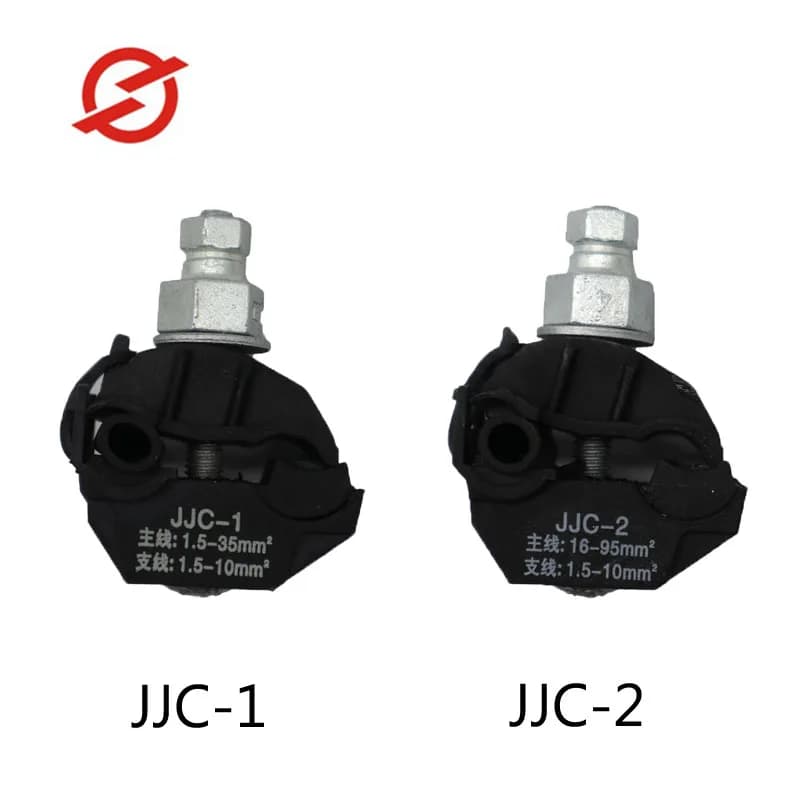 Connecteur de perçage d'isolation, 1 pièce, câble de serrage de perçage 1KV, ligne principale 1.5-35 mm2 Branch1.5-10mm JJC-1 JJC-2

* * *

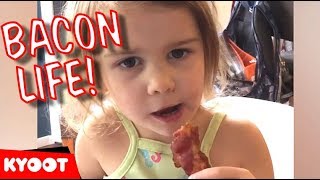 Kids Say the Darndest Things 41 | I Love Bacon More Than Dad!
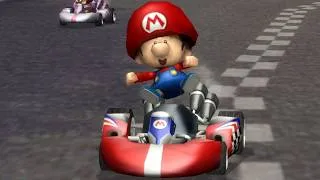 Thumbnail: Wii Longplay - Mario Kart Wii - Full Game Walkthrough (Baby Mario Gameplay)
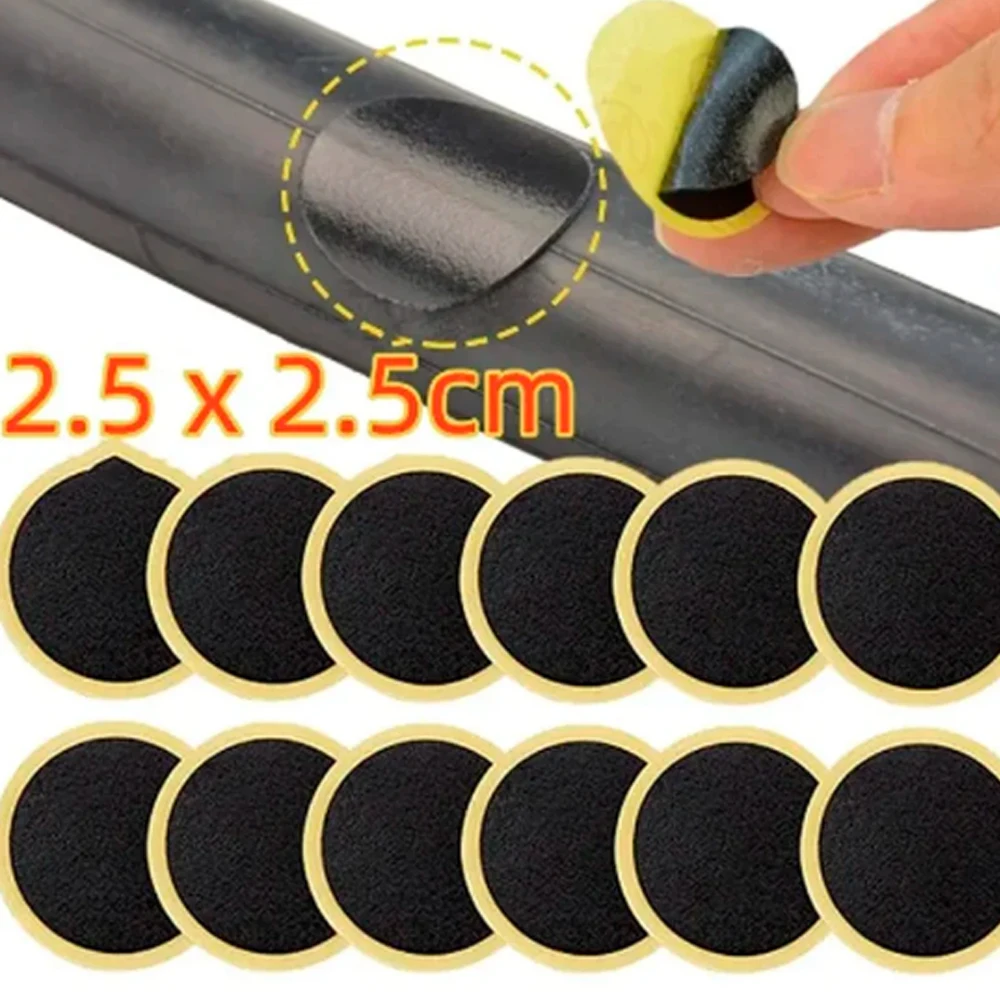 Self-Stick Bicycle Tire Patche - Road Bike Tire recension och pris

◆ About this task
Within these entries, output exactly the lines starting at the one with "Kids Say the" and finishing at the one with "Self-Stick Bicycle Tire". Leave pictures out of the output.

◆ Result of this task
 Kids Say the Darndest Things 41 | I Love Bacon More Than Dad!
 Thumbnail: Wii Longplay - Mario Kart Wii - Full Game Walkthrough (Baby Mario Gameplay)
 Self-Stick Bicycle Tire Patche - Road Bike Tire recension och pris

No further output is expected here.